2024年11月22日(金)

西山隆行が読み解くアメリカ社会

2018年11月8日

政策論争よりもトランプ大統領への「評価」を強調

 今回の中間選挙は、通例とは異なる特徴を持っていた。

 第一に、連邦議会に党の顔となる人物が不在だった。通例の選挙では、現職の下院議長が下院多数派の政党の顔として、そして、下院少数派が逆転勝利した場合に下院議長を目指す人がその政党の顔として、選挙戦を主導することが多い。だが、今回の選挙では現職下院議長のポール・ライアンが引退表明をし、民主党で下院議長への返り咲きを目指しているとされるナンシー・ペロシは共和党支持者の間でとりわけ不人気なこともあって表立った活動を控えた。

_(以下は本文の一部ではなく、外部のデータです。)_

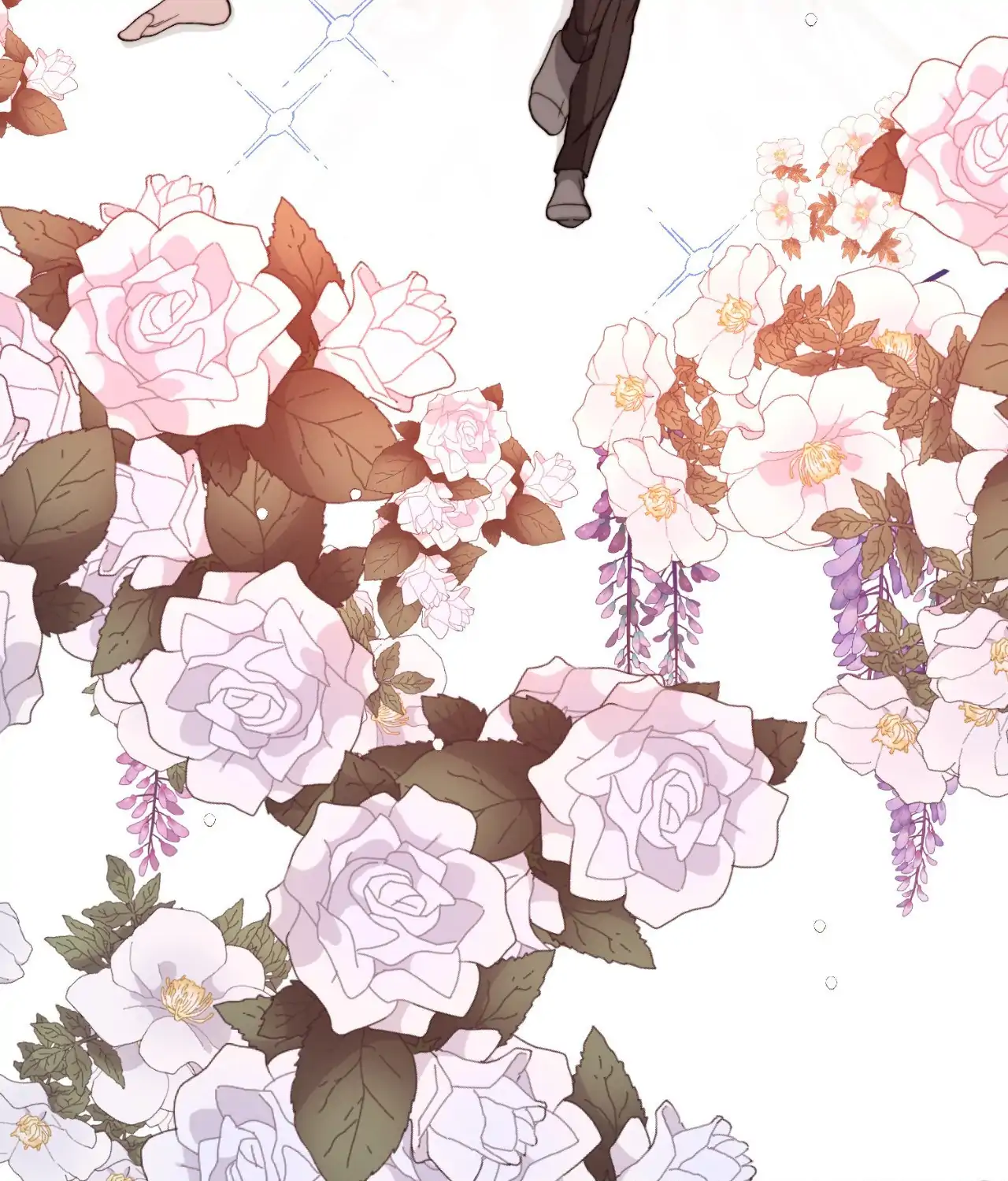 Dreaminess [Official] - Chapter 40 manhwa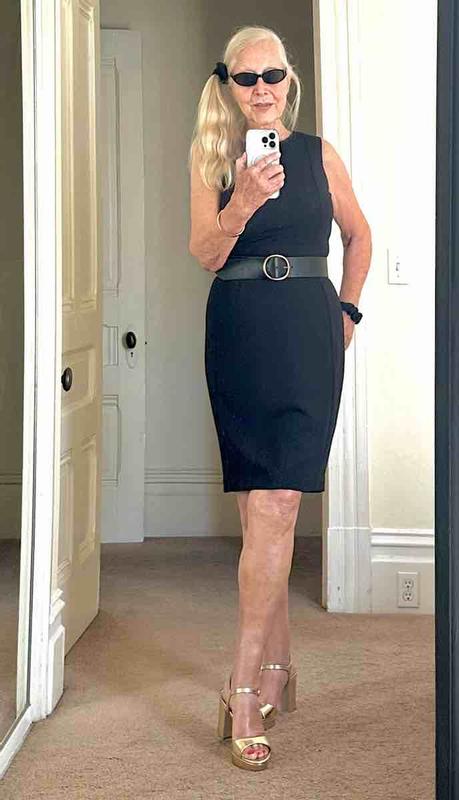 Customer photo for "My second purchase in a different color"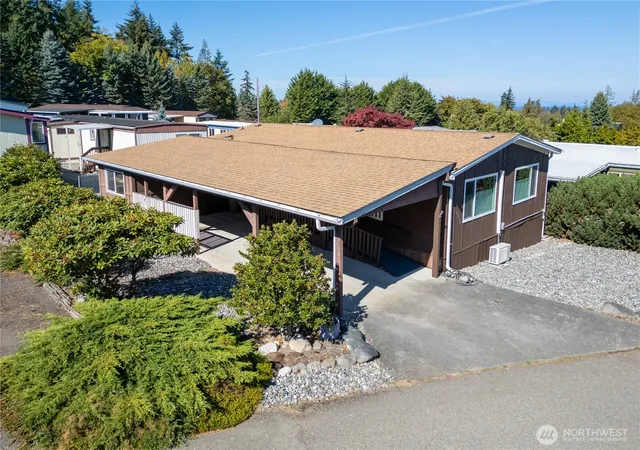 Photo 2 of Manufactured home for sale at 1458 View Vista Park, Port Angeles, WA 98362 | MLS# NWM2583682 | Listing updated on 2026-09-21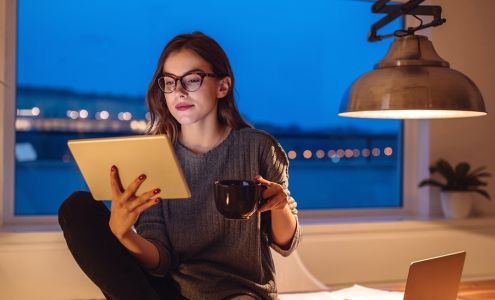 Morgan Stanley Financial Advisors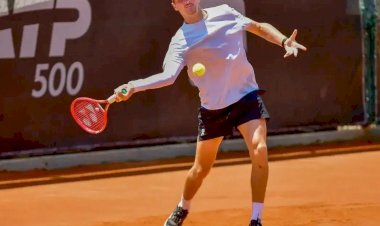 Com João Fonseca, brasileiros disputam chaves principais do Rio Open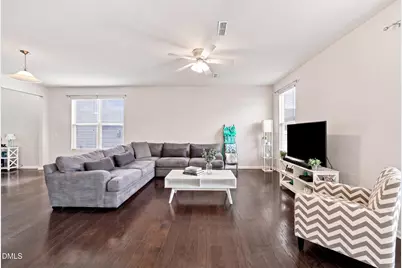 3520 Massey Ridge Court, Raleigh, NC 27616 - Photo 5
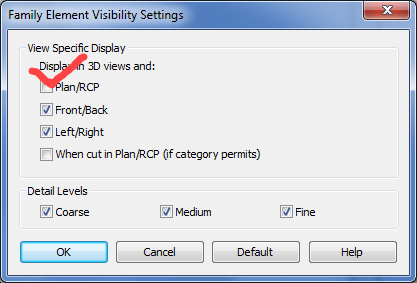 Revit 2018 View range issue - Autodesk Community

 その結果、現職大統領のドナルド・トランプが共和党の、前大統領のバラク・オバマが民主党の顔として存在感を示す結果となった。権力分立が厳格なアメリカでは、大統領と連邦議会は抑制と均衡の関係に立つため、大統領が議会選挙の顔となるのは本来好ましくない。選挙戦がトランプ対オバマの様相を示したことは、二大政党共に連邦議会議員の中で、選挙の顔となるべき人物が存在しないことを示唆していた(この点については、9月の記事「中間選挙で民主党がオバマに頼らざるを得ない理由」http://wedge.ismedia.jp/articles/-/14082 を参照していただきたい)。

 それと関連して、第二に、今回の選挙ではトランプ大統領への評価という側面が強調され、政策論争が回避された。民主党はトランプ大統領に対する批判を中心に選挙戦略を組み立てた。トランプ相手に政策論争を展開してもかみ合った政策論争は成立しない。民主党が提示する政策案に対してトランプが過激な発言をし、感情的対立に発展するのがおちである。そのような判断を基に、民主党は政策論争を徹底的に避けたのだった。

 そして第三に、先ほど指摘したように、今回は長らく民主党優位の予想が続いていたものの、選挙直前に混戦化したのが特徴だった。それには10月になってから登場したいくつかの要因が影響している。ホンジュラスやエルサルバドル、グァテマラなどの中米諸国から暴力を逃れて庇護を求める約7000人の集団(キャラバン)が選挙直前にメキシコ経由でアメリカに向かってくるという事柄が発生したこと、また、ブレット・カバノー氏の連邦最高裁判所判事への就任をめぐる問題が大争点となったことが、トランプ支持者を刺激し、共和党に有利に働くことになった。

依然として有効な「移民戦略」、
根強いトランプ支持者の存在

 共和党は下院で多数を維持することはできなかったものの、意外と善戦した背景には、トランプ支持者の存在がある。とりわけ、必ずしも裕福とは言えない白人、中でも、ラストベルトと呼ばれる地域で製造業に従事していた労働者階級の人々と、福音派キリスト教徒が大きな影響を果たした。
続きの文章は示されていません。